In her 19-page ruling, New York Supreme Court Justice Eileen Rakower not only denied every one of Eichner's motions to dismiss or curtail the investigation, but issued a new order freezing the bank accounts of an Eichner company, New York Urban Management LLC, that pocketed $6.1 to $6.8 million per year for managing operations at the Manhattan Club. The judge noted that Urban, which collected 20 percent of all owner maintenance fees annually, had no employees until August 2014, one month after Schneiderman secured a court order that shut down the club's timeshare operation and froze all bank accounts.
While not a surprise -- at least to lawyers familiar with New York's civil justice system -- Rakower's rulings reaffirmed conclusions that thousands of Manhattan Club owners have long held as bitter truths: that they were misled and defrauded at time of sale, then denied reservations repeatedly as their maintenance fees soared from hundreds to thousands of dollars per year while the club increased nightly rentals to non-owners through popular travel sites and other vacation clubs.
Eichner's legal team, following a public hearing on March 11, filed supplemental briefs attacking the AG's investigation. They also asked Rakower to lift the injunction upon Eichner and his colleagues, including Urban, on assertions that "there was no allegation that the Eichners personally engaged in any wrongful conduct, or that Urban was engaged in wrongdoing."

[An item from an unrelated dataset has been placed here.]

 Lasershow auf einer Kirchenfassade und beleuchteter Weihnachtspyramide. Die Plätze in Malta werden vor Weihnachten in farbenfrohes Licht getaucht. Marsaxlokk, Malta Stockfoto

In rejecting that motion, Rakower observed that it would be premature to vacate the existing injunction until the under-oath depositions of Eichner and his colleagues are fulfilled pursuant to the July 2014 court order that put the timeshare club, in effect, out of business. Eichner's legal team are simultaneously fighting those depositions on grounds that testimony in a civil proceeding could be used, potentially, against the Eichners in a criminal case. A hearing on those depositions is set for June 14. The court ruling provides a concise recap of the entire case, which has already spawned thousands of pages of court filings, motions and counter-arguments. Here are Rakower's additional rulings:
"The court declines the Eichner respondents' request to modify the order to allow new timeshare purchasers to complete their purchases. The court also declines to issue an order setting discovery and deposition cut-off dates, a termination date for NYAG's investigation, and prohibiting NYAG from sending 'mass mailings' to timeshare owners.

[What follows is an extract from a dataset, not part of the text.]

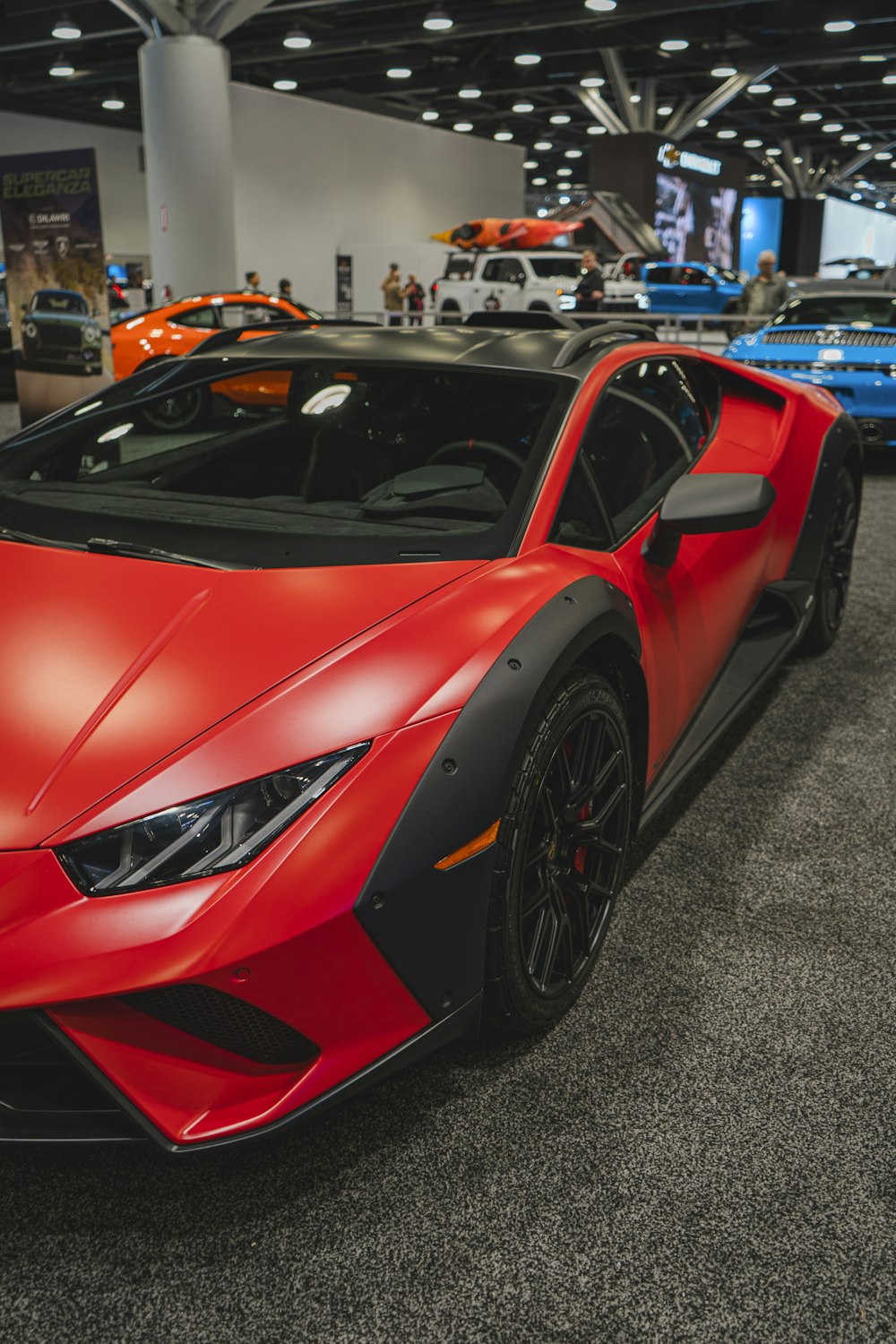 a red sports car parked in a showroom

"With respect to NYAG's cross motion, the court finds that additional injunctive relief against Urban is 'proper and expedient' in light of Urban's significant role in managing the timeshare project."

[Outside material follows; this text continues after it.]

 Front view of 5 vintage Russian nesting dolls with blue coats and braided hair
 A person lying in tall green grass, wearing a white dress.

Finally, the judge deferred a ruling on the AG's motion to secure civil contempt fines against Eichner's group for withdrawing $368,738 from the club's bank accounts without court approval. An evidentiary hearing must be held on that issue prior to any ruling, Rakower said.
The only question now, according to lawyers watching the Manhattan Club case, is whether Eichner's team appeals Rakower's decisions to a higher court. If that happens, and the lawyers fully expect it will, Manhattan's longest-running off-Broadway timeshare drama will continue into its third year of legal maneuvers while owners fret over their reservations, maintenance fees and legal options to sell or abandon their timeshares.